Europees Commissievoorzitter Ursula von der Leyen is bezorgd om de "strenge bezuinigingen" die opgenomen zijn in het jongste compromisvoorstel voor de Europese meerjarenbegroting 2021-2027. Dat heeft ze vanmiddag gezegd, na afloop van het allereerste college van de nieuwe Commissie. "De prioriteiten die we in het kader van onze strategisch agenda overeengekomen zijn, dreigen geïmpacteerd te worden", zei von der Leyen. De onderhandelingen over het volgende meerjarig financieel kader (MFK) van de Europese Unie zijn in volle gang. Finland, dat nog tot eind dit jaar de Europese ministerraden leidt, legde maandag een nieuw compromisvoorstel neer, maar inhoudelijk is dat document niet naar de zin van de nieuwe voorzitter van de Commissie.
"Ik ben bezorgd om de ernstige bezuinigingen die in dit voorstel staan, vergeleken met het oorspronkelijke voorstel van de Commissie", zei ze in de perszaal van het Berlaymontgebouw. "De prioriteiten die we in het kader van onze strategisch agenda overeengekomen zijn, dreigen geïmpacteerd te worden. Bijvoorbeeld Frontex, defensie, de digitale omslag die nodig is voor de vergroening van onze economie."

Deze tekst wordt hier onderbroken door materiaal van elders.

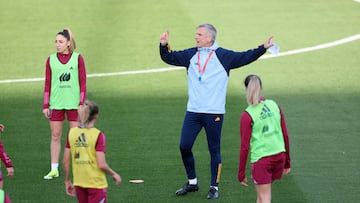 01/04/24 FUTBOL FEMENINO
CIUDAD DEL FUTBOL LAS ROZAS
SELECCION ESPAÑOLA ESPAÑA ENTRENAMIENTO
JAVIER LERGA SEGUNDO ENTRENADOR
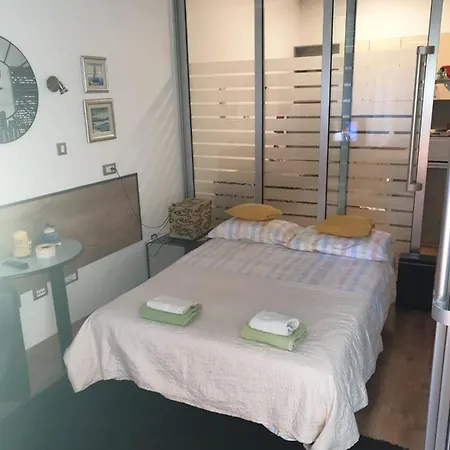 Apartman Studio Two Roses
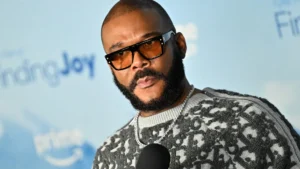 Diretor Tyler Perry é acusado de assédio sexual por ator de um de seus filmes, diz revista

Von der Leyen wil over de meerjarenbegroting een stevig gesprek op de Europese top van volgende week donderdag en vrijdag, die geleid zal worden door Charles Michel. "Het is tijd dat we samenwerken zodat we de doelstellingen kunnen nakomen waarover het allemaal eens geworden zijn. De Raad heeft zijn strategische agenda, er zijn de politieke richtlijnen van de Commissie... Die komen in grote mate overeen en moeten weerspiegeld worden in de onderhandelingen." De Commissievoorzitter hoopt dat er begin 2020 een akkoord gevonden kan worden over de meerjarenbegroting. Dan moeten er ook nog onderhandelingen volgen met het Europees Parlement.
In het compromisvoorstel dat het Finse voorzitterschap naar de andere EU-lidstaten heeft verstuurd, staat dat de EU een begroting zou moeten krijgen die overeenkomt met 1,07% van het Europese bni. Dat is minder ambitieus dan de 1,11% die de Europese Commissie bepleit, maar guller dan wat landen als Duitsland, Nederland en Oostenrijk willen spenderen. Zij houden ondanks het wegvallen van de Britse bijdrage vast aan 1,0%.